Prospective home buyers — especially first-timers — have a lot of learning in front of them.
The world of real estate and home ownership are filled with complicated and complex terms, names, concepts and general jargon you’re never
going to hear anywhere else.
One of these names is the Monthly Treasury Average, or MTA as it’s called for short.
Definition of the Monthly Treasury Average
The MTA is one of several indexes to which banks, credit unions and other lending institutions attach their interest rates. When the Monthly Treasury Index goes up or down, lenders pay close attention and use the rise or fall to determine the interest rates they charge you.
Why the MTA matters
If you’re buying a home you are probably doing it with the help of a mortgage (unless, of course, you have $500,000 in cash sitting aside for a rainy day).
When you get a mortgage, the bank, credit union or other financial institution loans you the money you need to purchase your home. The lender then charges you interest on your loan.
If you get a fixed-rate loan, the interest rate charged on your loan will, in many cases, stay the same for the life of your loan. If you get an adjustable-rate mortgage, or ARM, the interest rate on your mortgage will go up or down according to whichever interest rate index your bank uses to determine interest rate amounts.
One of these interest rate indexes is Monthly Treasury Average. The MTA is the average value, calculated over a 12-month period, of the constant maturity treasury (CMT).

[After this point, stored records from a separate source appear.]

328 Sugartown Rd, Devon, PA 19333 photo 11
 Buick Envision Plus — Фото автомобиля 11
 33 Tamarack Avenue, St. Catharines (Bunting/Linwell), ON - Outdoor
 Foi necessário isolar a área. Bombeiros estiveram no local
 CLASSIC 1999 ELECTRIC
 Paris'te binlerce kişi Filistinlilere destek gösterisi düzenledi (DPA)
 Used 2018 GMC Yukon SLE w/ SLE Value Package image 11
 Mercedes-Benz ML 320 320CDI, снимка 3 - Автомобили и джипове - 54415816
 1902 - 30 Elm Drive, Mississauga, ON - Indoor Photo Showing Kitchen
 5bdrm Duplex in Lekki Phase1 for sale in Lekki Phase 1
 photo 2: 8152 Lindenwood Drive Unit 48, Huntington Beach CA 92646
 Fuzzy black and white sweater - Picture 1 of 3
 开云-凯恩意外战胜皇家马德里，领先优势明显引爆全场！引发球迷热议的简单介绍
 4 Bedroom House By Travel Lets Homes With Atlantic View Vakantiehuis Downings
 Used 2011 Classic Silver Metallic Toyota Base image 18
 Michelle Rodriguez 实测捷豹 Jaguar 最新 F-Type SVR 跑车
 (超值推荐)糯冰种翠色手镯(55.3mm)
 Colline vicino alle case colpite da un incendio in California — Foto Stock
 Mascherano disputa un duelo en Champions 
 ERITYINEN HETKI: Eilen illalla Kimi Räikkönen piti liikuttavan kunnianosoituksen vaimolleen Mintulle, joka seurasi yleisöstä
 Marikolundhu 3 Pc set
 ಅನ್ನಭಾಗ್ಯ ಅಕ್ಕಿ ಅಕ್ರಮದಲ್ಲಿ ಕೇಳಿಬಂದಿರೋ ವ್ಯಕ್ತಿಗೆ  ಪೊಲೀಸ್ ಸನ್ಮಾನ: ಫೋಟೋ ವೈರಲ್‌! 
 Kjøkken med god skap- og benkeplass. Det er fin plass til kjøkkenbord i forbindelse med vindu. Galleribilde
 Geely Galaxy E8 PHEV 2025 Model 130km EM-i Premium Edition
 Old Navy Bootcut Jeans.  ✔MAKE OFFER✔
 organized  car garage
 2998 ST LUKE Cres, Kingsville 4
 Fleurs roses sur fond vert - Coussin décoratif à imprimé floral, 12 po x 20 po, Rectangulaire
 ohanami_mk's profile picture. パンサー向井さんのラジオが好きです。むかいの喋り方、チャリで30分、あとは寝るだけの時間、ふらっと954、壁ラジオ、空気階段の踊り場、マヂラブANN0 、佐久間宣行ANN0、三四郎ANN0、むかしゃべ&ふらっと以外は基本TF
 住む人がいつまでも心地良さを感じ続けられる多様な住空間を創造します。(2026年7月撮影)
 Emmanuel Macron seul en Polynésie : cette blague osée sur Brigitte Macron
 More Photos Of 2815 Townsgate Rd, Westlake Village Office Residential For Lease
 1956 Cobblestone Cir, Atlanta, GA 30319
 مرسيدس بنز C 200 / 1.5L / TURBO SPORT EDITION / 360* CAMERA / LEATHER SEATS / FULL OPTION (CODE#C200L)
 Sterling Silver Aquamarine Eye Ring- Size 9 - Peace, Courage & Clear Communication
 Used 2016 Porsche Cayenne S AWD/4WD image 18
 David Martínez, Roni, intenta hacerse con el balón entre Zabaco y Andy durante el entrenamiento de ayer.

To learn more about the Monthly Treasury Average (MTA), the constant maturity treasury, and any other mortgage-related term, be sure to speak to a financial professional. He or she can explain these names and terms in greater detail, and perhaps give you ideas on how to profit from them. Many people prefer one index rate, such as the Monthly Treasury Average, over the other available interest rate indexes.